Na saída da Casa Branca, pouco depois das 8 horas da manhã do horário de Washington, Trump falou a seus apoiadores de uma base militar. Além de voltar a chamar o novo coronavírus de "vírus chinês", Trump afirmou que vai continuar lutando pelo interesse de seus apoiadores e prometeu. "Nós voltaremos, de uma forma ou outra."

As últimas palavras do mandatário como chefe de estado da nação mais rica do país foram recebidas com fortes aplausos pela pequena multidão, que depois se dispersou pelas ruas da capital, mas certamente não se extinguiu. Ciente dos desafios que vêm com essa rachadura social, Biden fez questão de tocar na ferida logo em seu discurso de posse.

"Juntos, nós devemos escrever uma história americana de esperança, não de medo.
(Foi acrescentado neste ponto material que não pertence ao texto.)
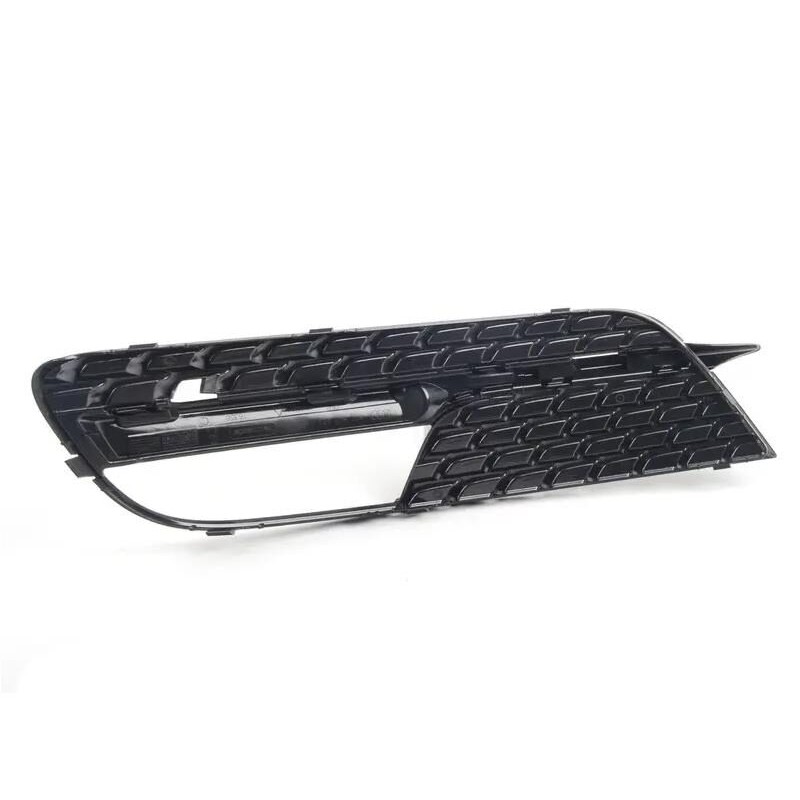 Grille de phare antibrouillard de pare-chocs coté passager droit - Pièces d'origine Audi 8T0807682H01C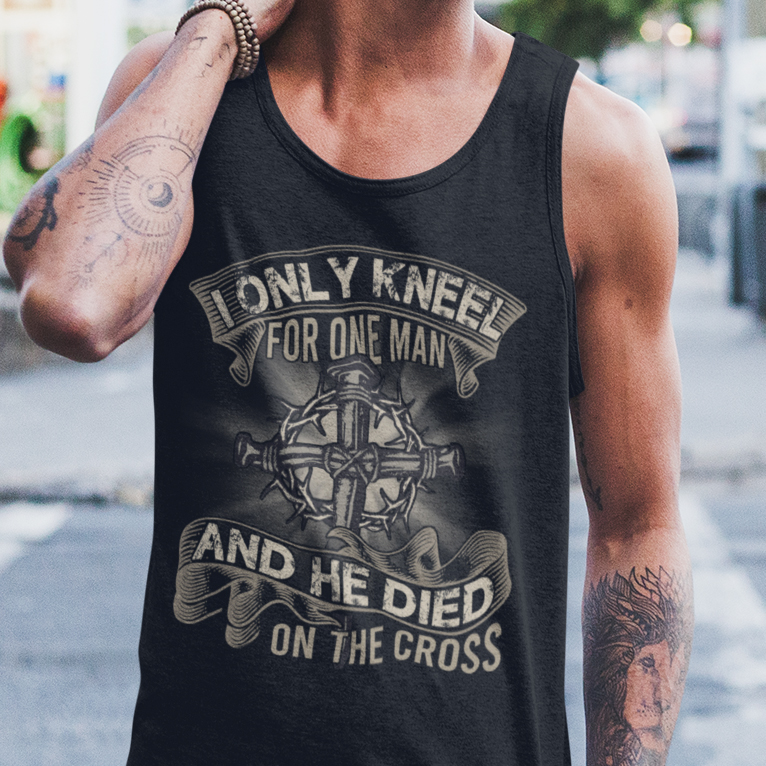 1BN. Kneel For One Man - t1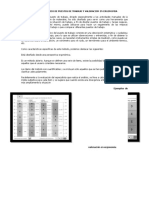 Analisis Ergonomico de Puestos de Trabajo y Valoracion en Ergonomia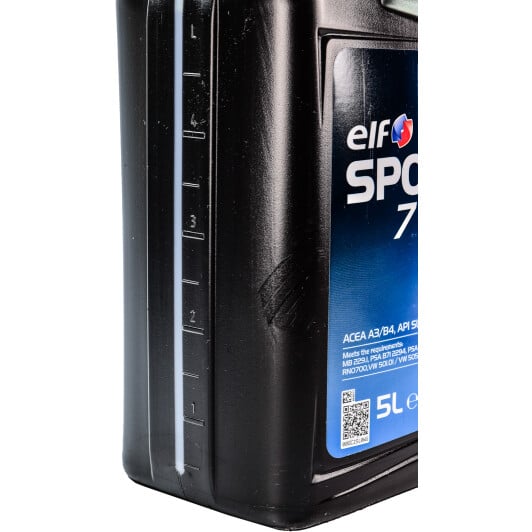 Моторное масло Elf Sporti 7 A3/B4 10W-40 5 л на Nissan Serena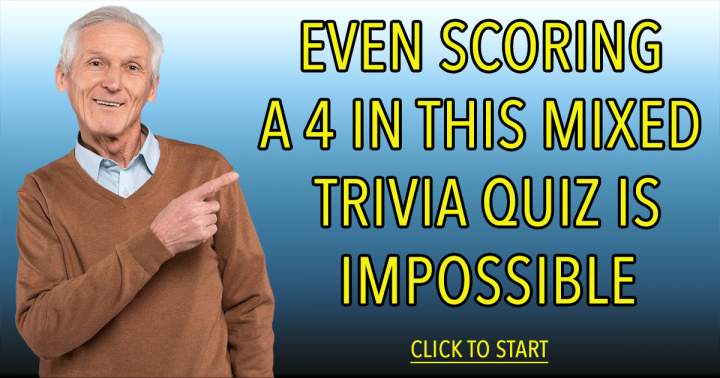 Banner for Impossible Mixed Trivia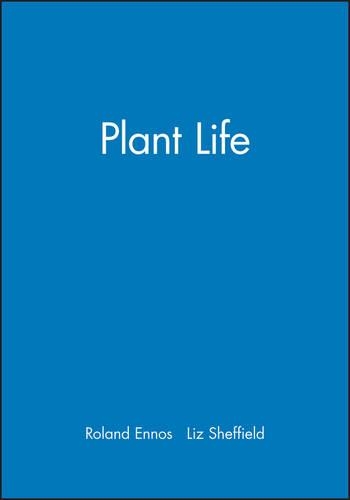 Паперова книга «Plant Life», авторів Ліз Шеффілд, Роланд Еннос - фото №1
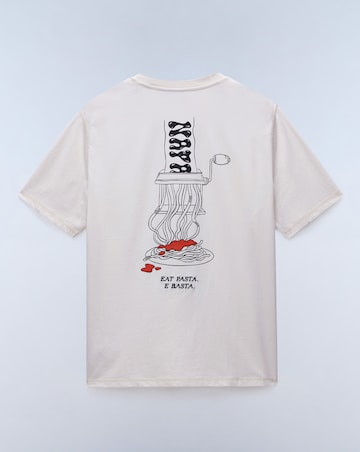 Napapijri Sol Short Sleeve T-Shirt - White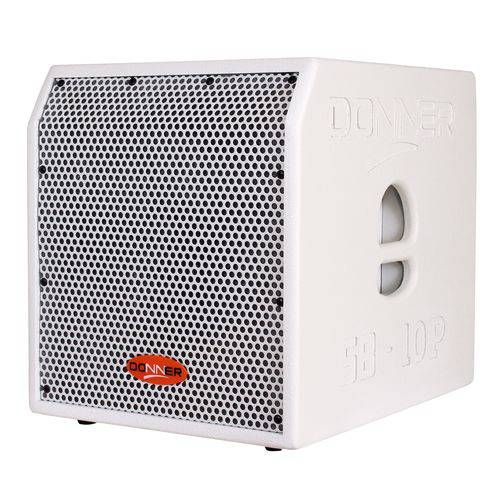 Assistência Técnica, SAC e Garantia do produto Caixa Subwoofer Grave Passivo Donner SUB10P 200 Watts BRANCO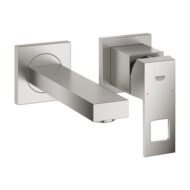 Grohe Eurocube eengreeps inbouw wastafelmengkraan supersteel 19895DC0 Grohe Eurocube eengreeps inbouw wastafelmengkraan supersteel 19895DC0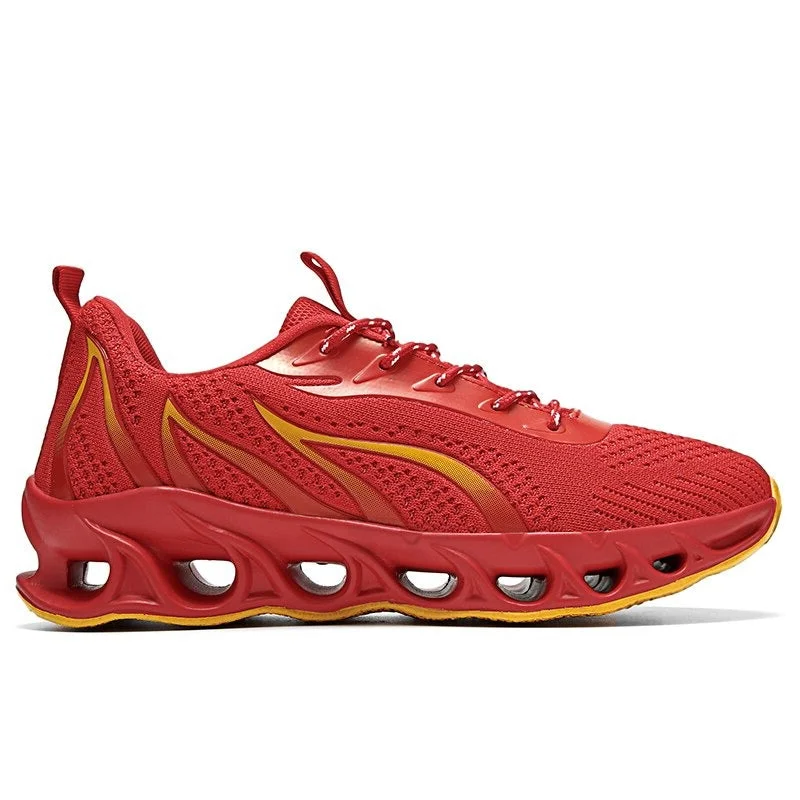 Comfortable Men Supportive Athletic Shoes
De unidade, não de divisão", falou o presidente, que prometeu ainda governar para todos os cidadãos do país e não apenas pelos seus aliados.

Para colocar em prática o seu discurso, Biden dividiu o palco com os ex-presidentes Bill Clinton (1993 - 2001), George W Bush (2001-2009) e Barack Obama (2009-2017). De mãos dadas, democratas e republicanos reforçaram a ideia de união, apesar das diferenças partidárias e políticas, porque, ainda que o jogo democrático saudável acomode uma pluralidade de vozes dissonantes, uma fissura dessa magnitude pode custar caro aos Estados Unidos.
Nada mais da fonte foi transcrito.